### Assignment
Among the entries that follow, the required portion opens with the line containing "Audi RS6 AVANT" and closes with the line containing "YAMAHA BB734A MTBL". Give that portion again exactly, and nothing else.

### Data under study
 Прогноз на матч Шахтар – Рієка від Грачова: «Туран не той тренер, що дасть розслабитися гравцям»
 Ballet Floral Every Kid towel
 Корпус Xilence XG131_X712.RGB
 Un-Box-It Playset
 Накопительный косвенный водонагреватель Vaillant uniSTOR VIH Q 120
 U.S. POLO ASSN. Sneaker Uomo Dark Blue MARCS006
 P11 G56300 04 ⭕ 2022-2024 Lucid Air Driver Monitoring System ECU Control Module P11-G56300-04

--

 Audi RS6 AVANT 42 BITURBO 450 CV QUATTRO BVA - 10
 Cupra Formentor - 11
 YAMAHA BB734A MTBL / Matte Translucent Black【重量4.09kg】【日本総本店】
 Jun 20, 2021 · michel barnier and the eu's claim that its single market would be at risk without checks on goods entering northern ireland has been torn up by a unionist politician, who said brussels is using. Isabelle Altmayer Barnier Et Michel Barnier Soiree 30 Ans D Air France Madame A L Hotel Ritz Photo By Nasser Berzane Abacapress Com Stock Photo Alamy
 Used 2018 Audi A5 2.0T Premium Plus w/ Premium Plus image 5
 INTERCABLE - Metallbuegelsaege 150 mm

### Response box
 Audi RS6 AVANT 42 BITURBO 450 CV QUATTRO BVA - 10
 Cupra Formentor - 11
 YAMAHA BB734A MTBL / Matte Translucent Black【重量4.09kg】【日本総本店】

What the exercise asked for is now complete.